At a time when the likelihood of unemployment-related claims is greater than ever, credit providers are happy to move the goal-posts and charge policy holders more for less cover. It’s pretty shocking that insurers, who have the trust of millions of people, can turn around and so blatantly disrespect the best interests of their paying customers.
A couple of months back we wrote about these rising costs and even now, we’re still seeing insurers restrict cover and hike prices. But given that insurance is the delivery of a promise and policies are sold on the basis of that promise, there could be plenty of ppi claims in the pipeline as people try and get their money back.

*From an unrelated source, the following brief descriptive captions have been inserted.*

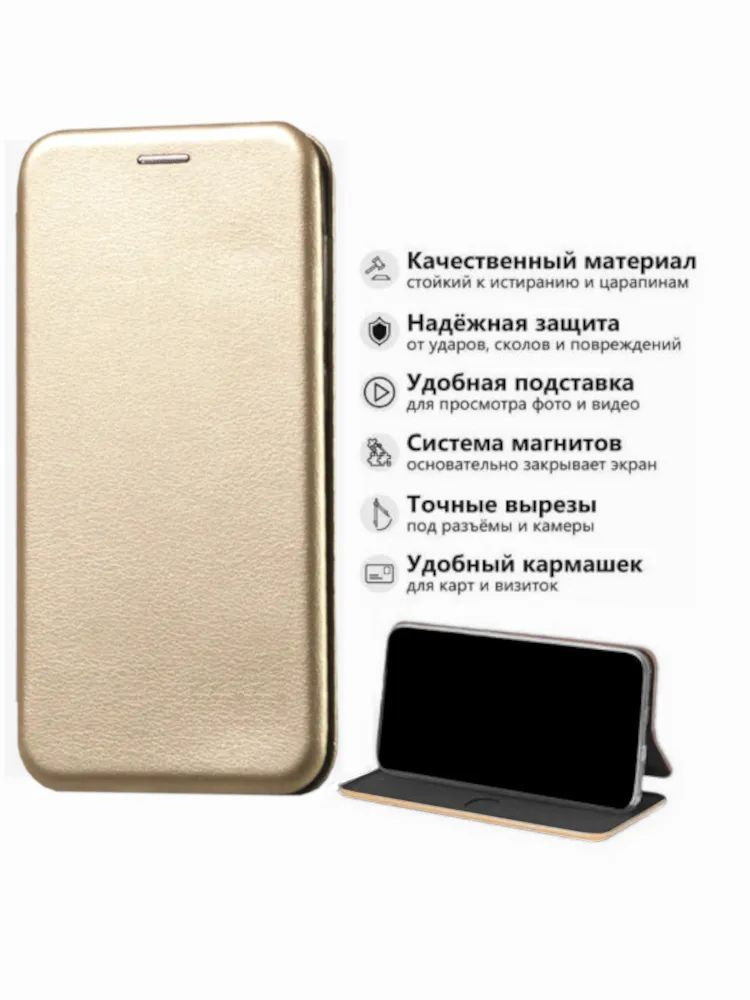 Чехол книжка для Samsung Galaxy S21 FE/ Самсунг Галакси С21 ФЕ защитный ...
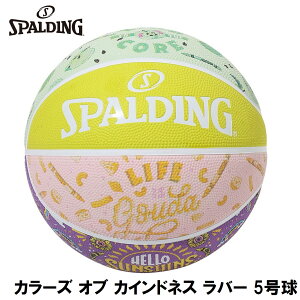 �X�|���f�B���O �o�X�P�b�g�{�[�� �N������ �J���[�Y �I�u �J�C���h�l�X ���o�[�i�}���`�E5�����j SPD-85089Z SPALDING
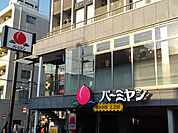 バーミヤン下北沢南店まで1200ｍ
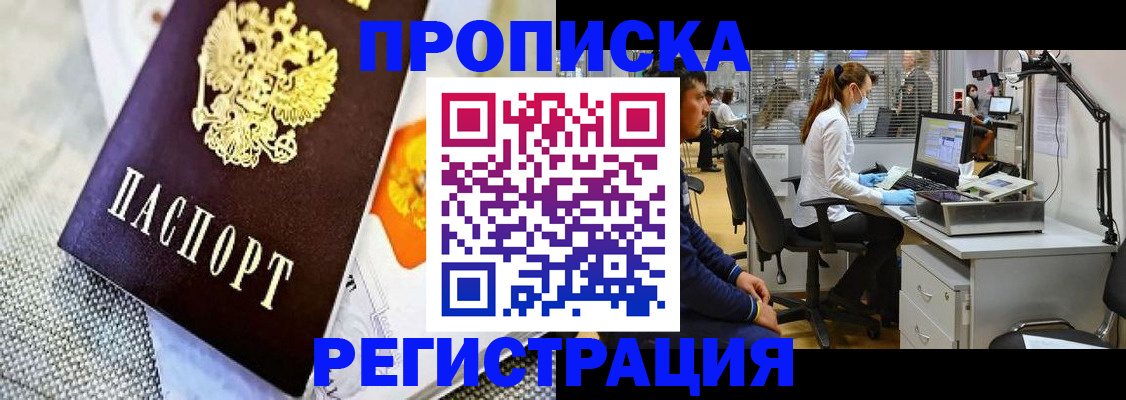 прописка гарантия в Назарово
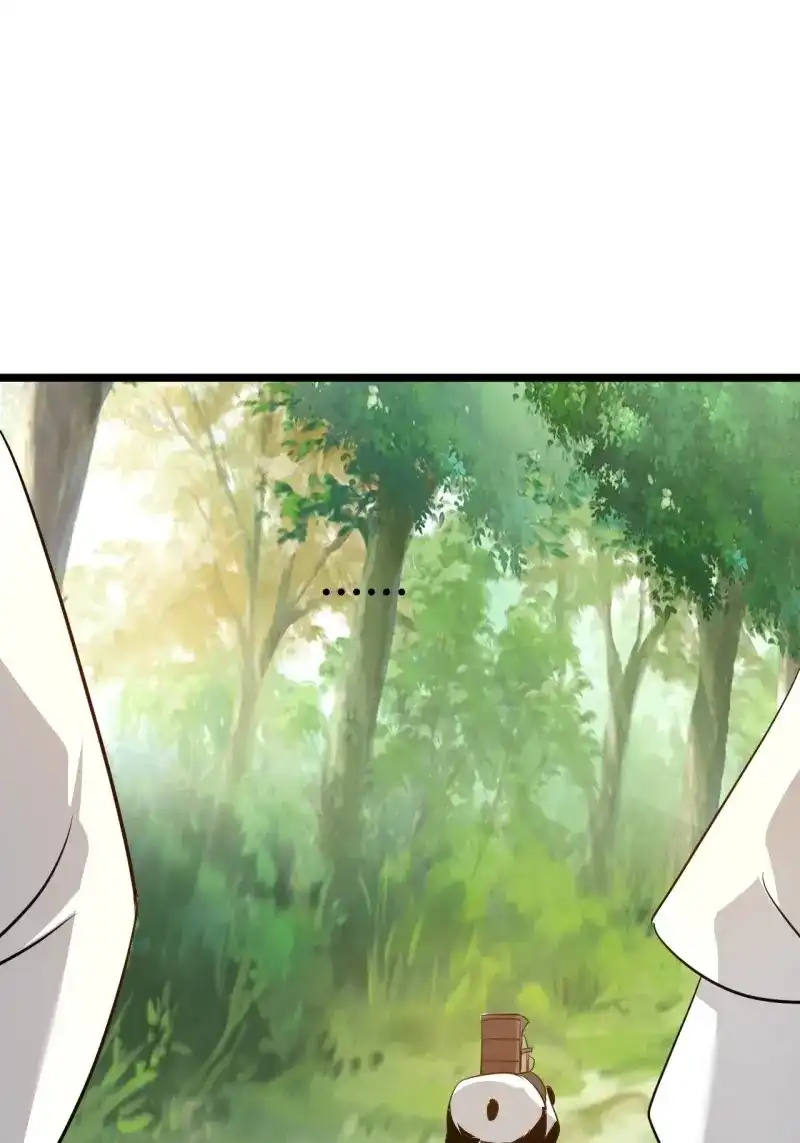 我儿快拼爹 第60话 第五十七话：骑熊猫的人 第48页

More Unemployment Means More PPI Claims
More and more people will need their PPI policy to support them over the coming year with the Association of British Insurers (ABI) reporting that PPI unemployment claims are soaring. In fact, claims at the end of January reached 32,099, which represents a 203% increase on the previous year.
In his speech, Lord Turner asked: “How many consumers would have taken up this cover if they had known that at the very time they needed the protection more, the price of it would significantly increase or the amount of cover decrease? This is an area where insurers must expect us to intervene to address poor consumer outcomes.”
Basically, you keep shafting customers and we’ll be on your case – which is great to hear. Because as a victim of mis sold or unfair insurance, you can make PPI claims and now that the insurers are getting it in both ears, they’ll be more inclined to pay back what’s owed.